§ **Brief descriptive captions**
%%
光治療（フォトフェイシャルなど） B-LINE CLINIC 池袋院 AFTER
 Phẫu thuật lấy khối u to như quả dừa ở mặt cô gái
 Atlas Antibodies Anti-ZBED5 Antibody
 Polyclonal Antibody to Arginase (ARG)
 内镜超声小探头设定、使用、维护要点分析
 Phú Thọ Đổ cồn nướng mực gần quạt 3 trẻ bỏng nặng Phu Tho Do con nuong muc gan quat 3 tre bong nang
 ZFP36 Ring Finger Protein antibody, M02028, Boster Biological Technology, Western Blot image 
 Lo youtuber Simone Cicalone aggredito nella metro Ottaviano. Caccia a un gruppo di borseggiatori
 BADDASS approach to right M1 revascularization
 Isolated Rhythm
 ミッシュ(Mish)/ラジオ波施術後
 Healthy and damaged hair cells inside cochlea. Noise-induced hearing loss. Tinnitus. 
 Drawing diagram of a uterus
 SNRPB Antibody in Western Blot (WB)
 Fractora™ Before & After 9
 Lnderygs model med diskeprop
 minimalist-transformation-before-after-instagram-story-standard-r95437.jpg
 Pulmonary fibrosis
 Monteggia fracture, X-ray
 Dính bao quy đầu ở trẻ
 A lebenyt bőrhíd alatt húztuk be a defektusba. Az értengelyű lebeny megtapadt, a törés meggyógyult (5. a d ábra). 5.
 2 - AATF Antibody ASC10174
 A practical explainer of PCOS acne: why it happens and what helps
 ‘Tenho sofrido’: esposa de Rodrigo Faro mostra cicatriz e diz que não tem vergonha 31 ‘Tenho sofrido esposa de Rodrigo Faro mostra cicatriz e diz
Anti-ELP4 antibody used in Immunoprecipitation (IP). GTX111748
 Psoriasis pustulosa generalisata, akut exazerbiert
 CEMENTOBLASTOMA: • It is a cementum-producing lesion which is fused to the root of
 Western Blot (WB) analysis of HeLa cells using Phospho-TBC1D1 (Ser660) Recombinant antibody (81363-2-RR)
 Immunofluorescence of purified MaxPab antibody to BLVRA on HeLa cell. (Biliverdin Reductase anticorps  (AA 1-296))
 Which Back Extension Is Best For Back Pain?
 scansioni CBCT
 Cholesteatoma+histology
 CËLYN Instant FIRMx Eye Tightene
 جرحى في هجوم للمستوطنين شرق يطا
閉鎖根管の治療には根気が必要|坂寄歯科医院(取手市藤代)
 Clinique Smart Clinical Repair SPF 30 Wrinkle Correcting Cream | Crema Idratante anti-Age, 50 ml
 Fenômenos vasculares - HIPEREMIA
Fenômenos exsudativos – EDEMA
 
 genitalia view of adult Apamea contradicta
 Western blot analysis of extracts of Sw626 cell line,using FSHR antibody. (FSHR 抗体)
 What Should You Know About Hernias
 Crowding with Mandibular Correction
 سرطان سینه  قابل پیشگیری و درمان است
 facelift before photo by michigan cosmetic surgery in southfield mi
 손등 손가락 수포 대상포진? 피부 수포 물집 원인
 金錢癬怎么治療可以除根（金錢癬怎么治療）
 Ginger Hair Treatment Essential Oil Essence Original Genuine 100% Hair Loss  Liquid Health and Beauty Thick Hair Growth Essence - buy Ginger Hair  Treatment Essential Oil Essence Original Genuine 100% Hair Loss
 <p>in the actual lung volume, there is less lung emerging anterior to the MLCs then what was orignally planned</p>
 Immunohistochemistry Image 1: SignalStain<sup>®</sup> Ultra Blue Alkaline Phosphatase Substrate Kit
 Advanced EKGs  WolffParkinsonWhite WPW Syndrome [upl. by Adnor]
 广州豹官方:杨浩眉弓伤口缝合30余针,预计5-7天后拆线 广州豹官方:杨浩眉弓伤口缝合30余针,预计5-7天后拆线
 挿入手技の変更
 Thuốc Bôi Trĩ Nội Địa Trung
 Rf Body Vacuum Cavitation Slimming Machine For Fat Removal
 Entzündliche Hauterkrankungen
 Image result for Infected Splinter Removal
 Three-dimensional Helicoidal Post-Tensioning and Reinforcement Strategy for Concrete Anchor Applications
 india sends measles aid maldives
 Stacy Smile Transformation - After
%%
§ **THE TASK**
Reproduce exactly what appears from the line containing "Entzündliche Hauterkrankungen" down to the final line of the data.

§ **ANSWER SPACE**
 Entzündliche Hauterkrankungen
 Image result for Infected Splinter Removal
 Three-dimensional Helicoidal Post-Tensioning and Reinforcement Strategy for Concrete Anchor Applications
 india sends measles aid maldives
 Stacy Smile Transformation - After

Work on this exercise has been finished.